EXHIBIT 10.8
INDEMNIFICATION AGREEMENT
AGREEMENT, effective as of ______, 2004, between IASIS
Healthcare Corporation, a Delaware corporation (the "Company"), and
_______________ ("Indemnitee").
WHEREAS, it is essential to the Company to retain and attract
as [directors/executive officers] the most capable persons available;
WHEREAS, Indemnitee is a [director/executive officer] of the
Company;
WHEREAS, both the Company and Indemnitee recognize the
increased risk of litigation and other claims being asserted against
[directors/executive officers] of public companies in today's environment;
WHEREAS, the Amended and Restated Certificate of Incorporation
of the Company (the "Charter") and the By-laws of the Company (the "By-Laws")
require the Company to indemnify its [directors/executive officers] to the
fullest extent permitted by law and Indemnitee has agreed to serve as a
[director/executive officer] of the Company in part in reliance on such Charter
and By-Laws;
WHEREAS, in recognition of Indemnitee's need for substantial
protection against personal liability in order to enhance Indemnitee's service
to the Company in an effective manner, the increasing difficulty in obtaining
satisfactory director and executive officer liability insurance coverage and
Indemnitee's reliance on the aforesaid Charter and By-Laws, and in part to
provide Indemnitee with specific contractual assurance that the protection
afforded by such Charter and By-Laws will be available to Indemnitee (regardless
of, among other things, any amendment to or revocation of the Charter and
By-Laws or any change in the composition of the Company's Board of Directors or
acquisition transaction relating to the Company), the Company wishes to provide
in this Agreement for the indemnification of and the advancing of expenses to
Indemnitee to the fullest extent (whether partial or complete) permitted by law
and as set forth in this Agreement, and, to the extent insurance is maintained,
for the continued coverage of Indemnitee under the Company's directors' and
executive officers' liability insurance policies;
NOW, THEREFORE, in consideration of the premises and of
Indemnitee continuing to serve the Company directly or, at its request, another
enterprise, and intending to be legally bound hereby, the parties hereto agree
as follows:
1. Certain Definitions:
(a) Change in Control: shall be deemed to have occurred
(i) at such time as the Members, directly or indirectly, shall fail to own an
aggregate of at least 50% of the outstanding Voting Securities, and any other
Person or "group" of Persons (within the meaning of Section 13(d) of the
Securities Exchange Act of 1934, as amended) shall
acquire, beneficially or of record, a greater percentage of the outstanding
Voting Securities than the percentage of the outstanding Voting Securities
owned, directly or indirectly, by the Members, in the aggregate or (ii) upon a
sale of all or substantially all of the assets of the Company.
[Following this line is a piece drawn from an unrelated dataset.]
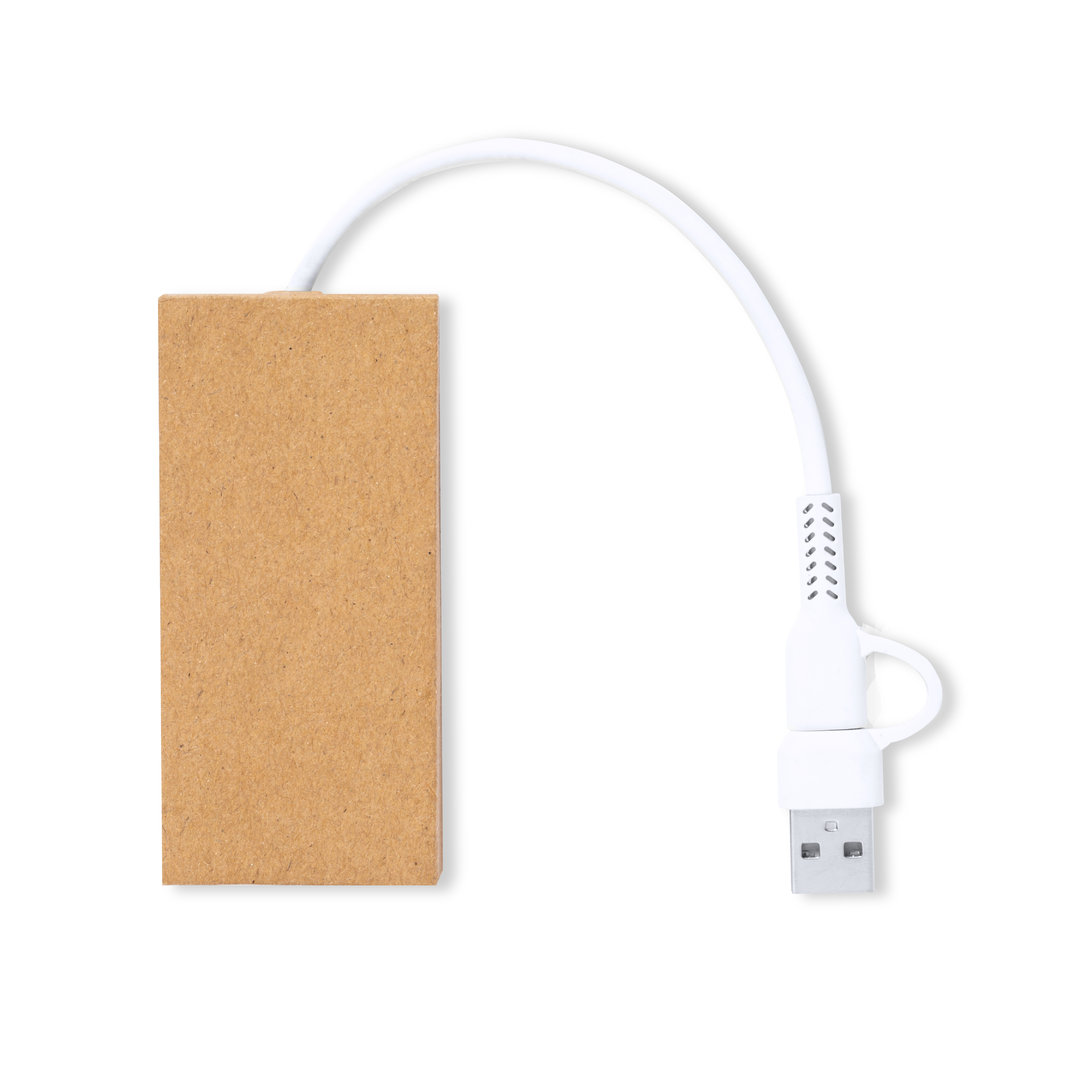 Duurzame USB Hub - Beernem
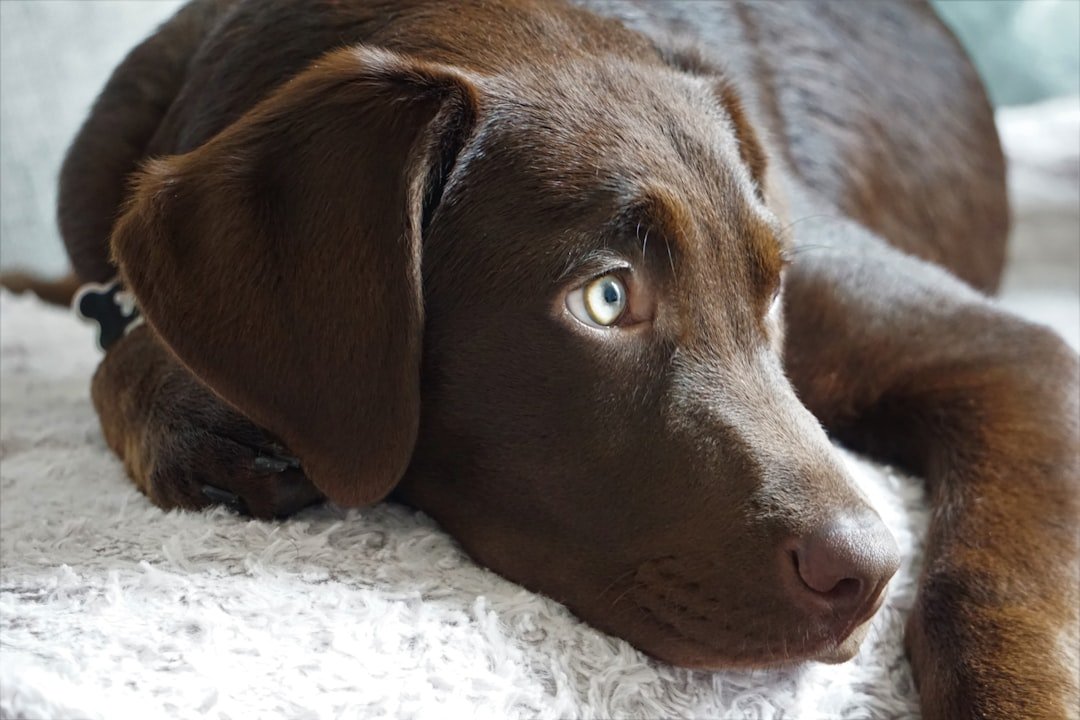 Labrador chocolate deitado e relaxado, olhando para o lado, em ambiente doméstico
(b) Claim: any threatened, pending or completed action,
suit or proceeding, or any inquiry or investigation, whether instituted by the
Company or any other party, that Indemnitee in good faith believes might lead to
the institution of any such action, suit or proceeding, whether civil, criminal,
administrative, investigative or other.
(c) Expenses: include reasonable attorneys' fees and all
other reason able costs, expenses and obligations paid or incurred in connection
with investigating, defending, being a witness in or participating in (including
on appeal), or preparing to defend, be a witness in or participate in any Claim
relating to any Indemnifiable Event.
(d) Indemnifiable Event: any event or occurrence related
to the fact that Indemnitee is or was a director, officer, employee, agent or
fiduciary of the Company, or is or was serving at the request of the Company as
a director, officer, employee, trustee, agent or fiduciary of another
corporation, partnership, joint venture, employee benefit plan, trust or other
enterprise, or by reason of anything done or not done by Indemnitee in any such
capacity.
(e) Independent Legal Counsel: an attorney or firm of
attorneys, selected in accordance with the provisions of Section 3, who shall
not have otherwise performed services for the Company, any of its subsidiaries
or Indemnitee within the last two years (other than with respect to matters
concerning the rights of Indemnitee under this Agreement, or of other
indemnitees under similar indemnity agreements).
(f) Members: shall have the meaning ascribed to such term
in the Amended and Restated Limited Liability Company Operating Agreement of
IASIS Investment LLC, dated June 22, 2004.
(g) Person: any individual, firm, corporation,
partnership, limited liability company, trust or other entity, and any successor
(by merger or otherwise) of such entity.
(h) Reviewing Party: any appropriate person or body
consisting of a member or members of the Company's Board of Directors or any
other person or body appointed by the Board who is not a party to the particular
Claim for which Indemnitee is seeking indemnification, or Independent Legal
Counsel.
(i) Voting Securities: any equity securities of the
Company which vote generally in the election of directors.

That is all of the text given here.